As Basten JA stated in Thoroughgood,[16]
“26. Section 60 of the Workers Compensation Act provides that if, as a result of an injury, it is reasonably necessary that "any medical or related treatment ... be given", the employer is liable to pay the cost of that treatment: s 60(1)(a). Section 59 defines "medical or related treatment" as including "therapeutic treatment given by direction of a medical practitioner": par (b). The section further provides that "[p]ayments under this section are to be made as the costs are incurred, but only if properly verified": s 60(3).

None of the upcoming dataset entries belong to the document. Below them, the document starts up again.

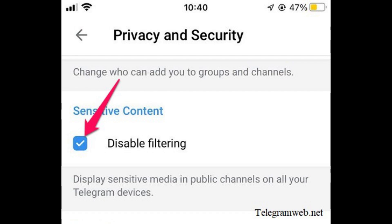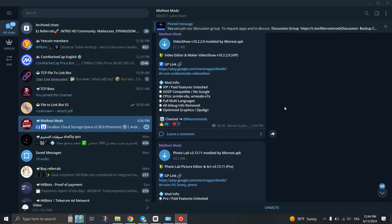By following these steps, you should now have access to a broader range of content on Telegram without encountering the 'cannot be displayed' error. Remember that enabling sensitive content might expose you to material that you may find offensive or inappropriate, so proceed with caution based on your comfort and discretion.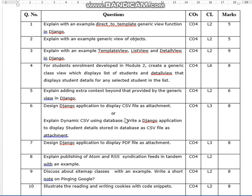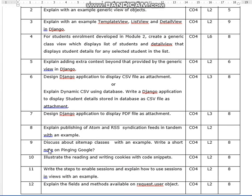Design a Django application to display a CSV file as an attachment. Explain dynamic CSV using a database. Write a Django application to display student details stored in the database as a CSV file as an attachment — it's an eight marks question. You have to develop a Django application to display a PDF file as an attachment. Explain publishing of Atom and RSS syndication feeds with an example. Discuss about sitemap classes with an example.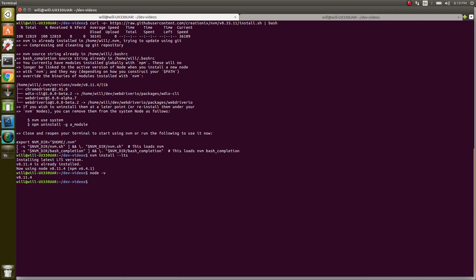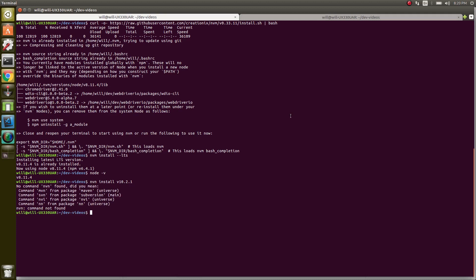Now we can check our version around 8.11.4. If we wanted to switch our Node version, all we have to do is this. Let's try version 10. So now we're on version 10, you can see.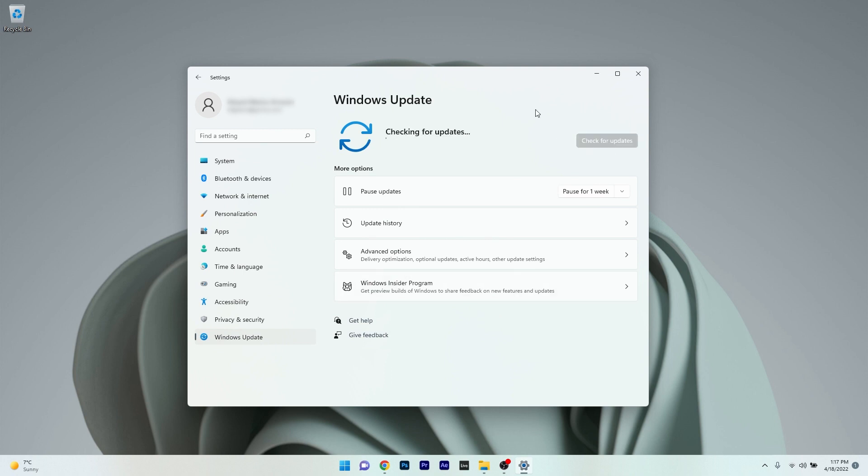Wait until Windows finds the best possible updates for your PC and installs them automatically. After installing these updates, restart your computer and check if the issue still persists.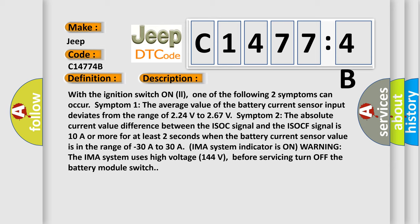IMA system indicator is on warning. The IMA system uses high voltage 144 volts. Before servicing, turn off the battery module switch.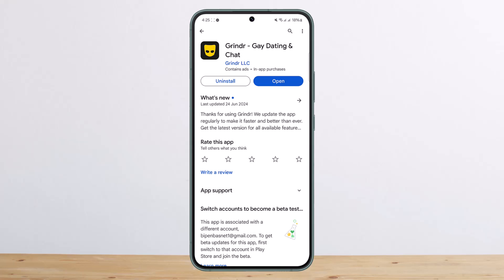If you wish to fix the registration errors that you get sometimes randomly on Grindr, you might try a couple of things. First, you can try reinstalling the application or checking your network connection. If this doesn't help, you might try using a VPN, because it might be blocked in your region or your IP address might be blocked. Enable VPN on your device and then go through the registration process.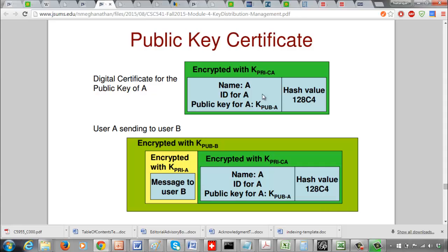Only the certifying authority can encrypt with their own private key — nobody else should know the private key of the certifying authority. Every user who wants to communicate within a domain should trust the certifying authority for the domain. So if A sends his public key certificate to B, then B can use the public key of the certifying authority to decrypt this certificate and extract the public key of A.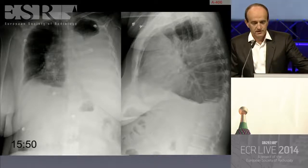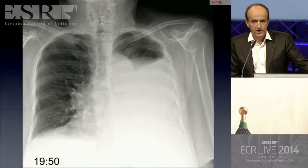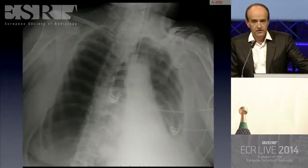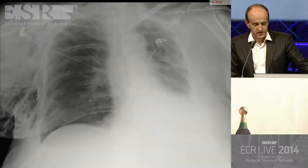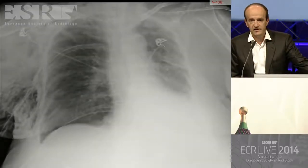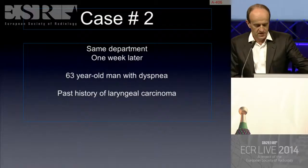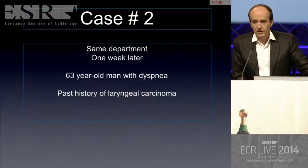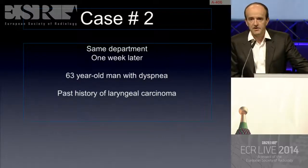This is the correct radiograph. What happened? A pneumothorax appeared on the right. The patient had to be intubated and stayed for 10 days in the intensive care unit.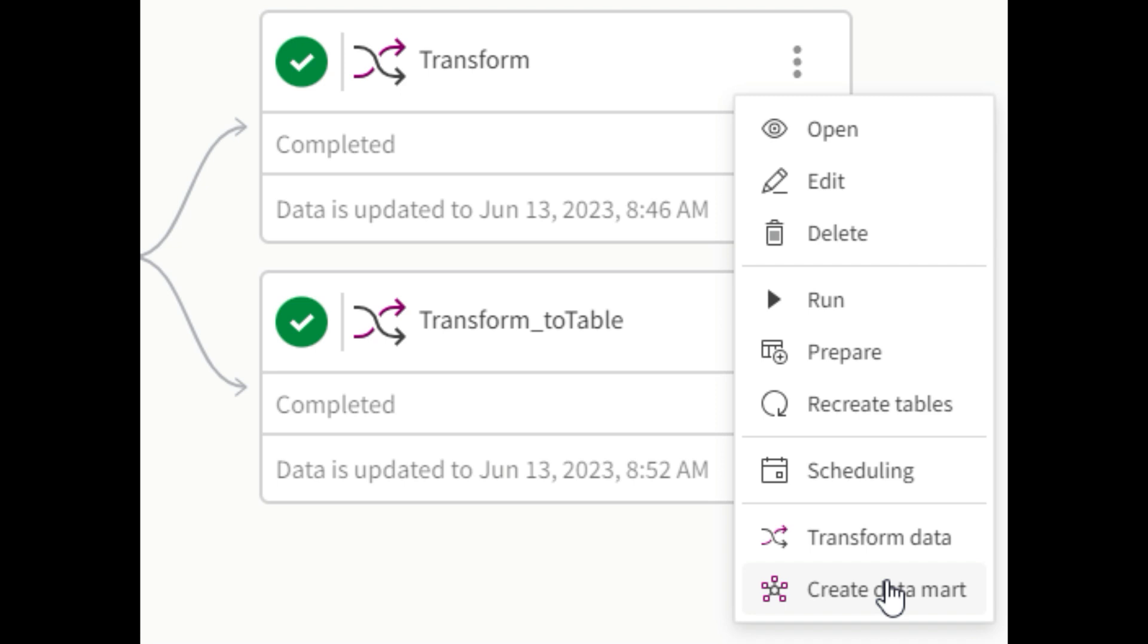But if your transformation step is the final destination in your Qlik Cloud Data Integration project, then your end users will likely be running queries directly against the transform schema. In which case it makes sense to choose the materialized option, so the CPU work is done only once and your hundreds or thousands of queries are as fast as possible.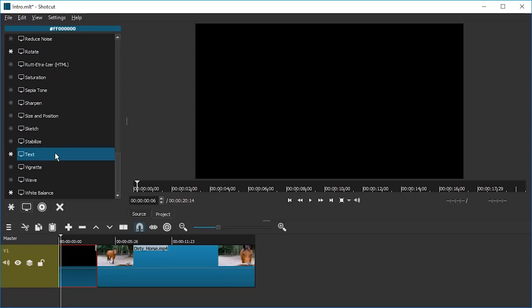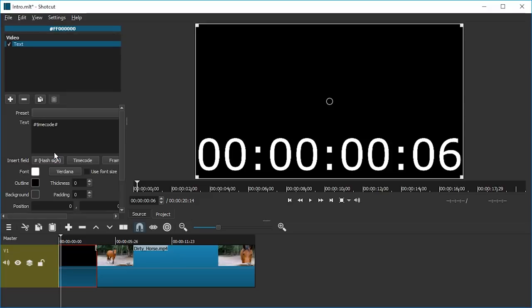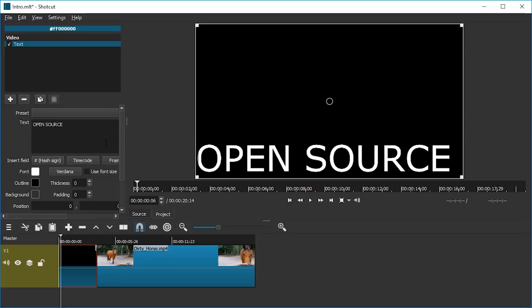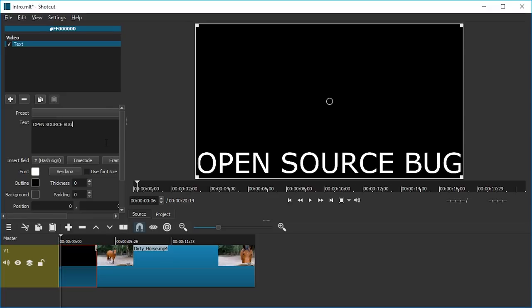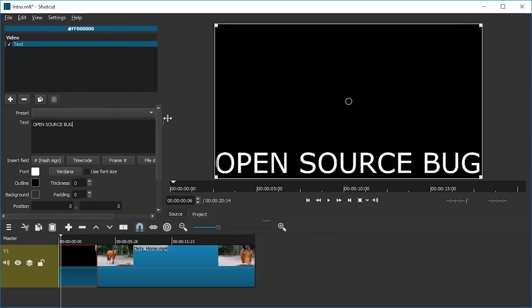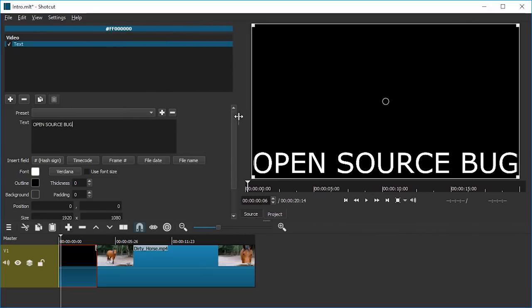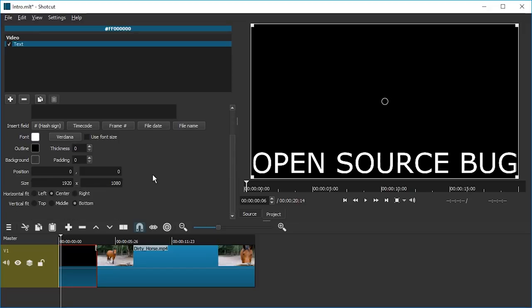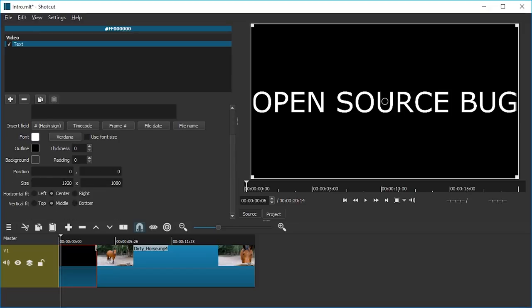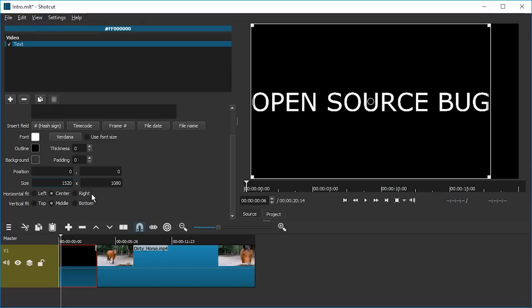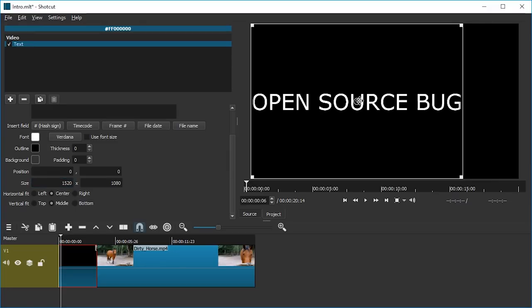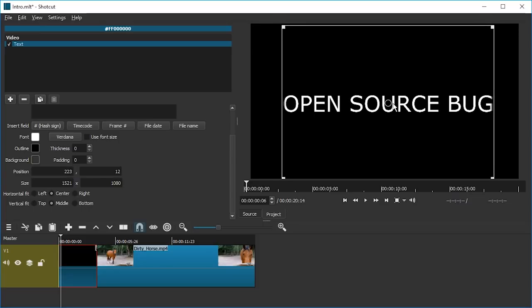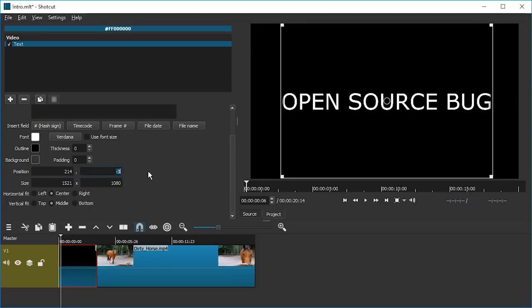Instead of timecode, we're gonna write something: Open Source Bug. We can resize this area so we have more control. Yeah, that's good. We're gonna select that it is vertically in the middle and we're gonna reduce its size. Let's say 152. Now we can drag this into the center. We will just adjust the vertical position to zero.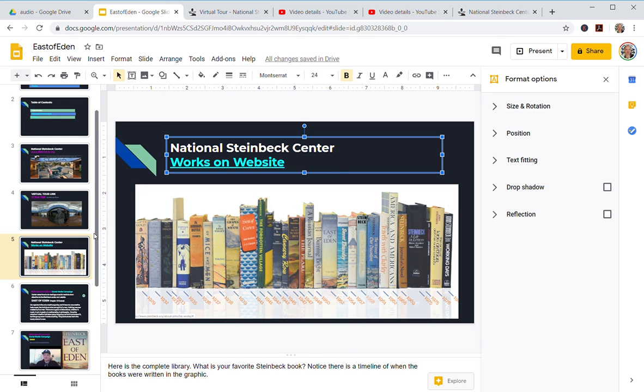Google Slides. Thanks, join me next time.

27. The legislation does not contain a definition of the phrase "claim for compensation", but it is clear that payments of compensation can be made (and may be required to be made) before a claim for compensation is made. Thus there is a requirement to commence provisional weekly payments of compensation upon notification of an injury: Workplace Injury Act, s 267. Recognition that a claim is not at that stage required is reflected in the obligation on the insurer to give the worker notice in writing as to the entitlement to make a claim and as to how that claim can be made: Workplace Injury Act, s 269(d).
28. The employer proffered no authority for the proposition that a claim for "therapeutic treatment given by direction of a medical practitioner" could not constitute a claim for compensation until the cost had already been incurred, or possibly paid. The consequences of such a conclusion are potentially far-reaching. Inghams did not establish reasonable prospects of demonstrating that the conclusion of the Deputy President (and the arbitrator) that a claim had been made was wrong in point of law.”
[16] [2014] NSWCA 166 at [28].
In my view, the claim for compensation was made on 24 September 2019. If I am wrong on this point, then on the evidence other deemed dates may be possible, including 18 October 2019, the first consultation with Dr Parkinson, 25 October 2019, the date of the certificate of capacity, 23 December 2019, approval requested by Dr Parkinson for an MRI cervical spine, and 20 February 2020, being the date that Dr Parkinson sought approval to undergo right C6/7 foraminotomy and posterior discectomy. However, there were no submissions in respect of these dates. The parties may wish to give this aspect further consideration.
As noted, there were no submissions from the respondent that the proposed surgery was not reasonably necessary. The respondent submitted that it was not necessary to give consideration to matters such as Diab. I find that the proposed surgery is reasonably necessary.
I find that the surgery proposed by Dr Parkinson, right C6/7 foraminotomy and posterior discectomy, is reasonably necessary as a result of injury, such injury being aggravation of the applicant’s underlying degenerative cervical spine disease condition, diagnosed by Dr Parkinson as subacute right C6/7 disc herniation with compression of right C7 nerve root, with injury deemed to have happened on 24 September 2019.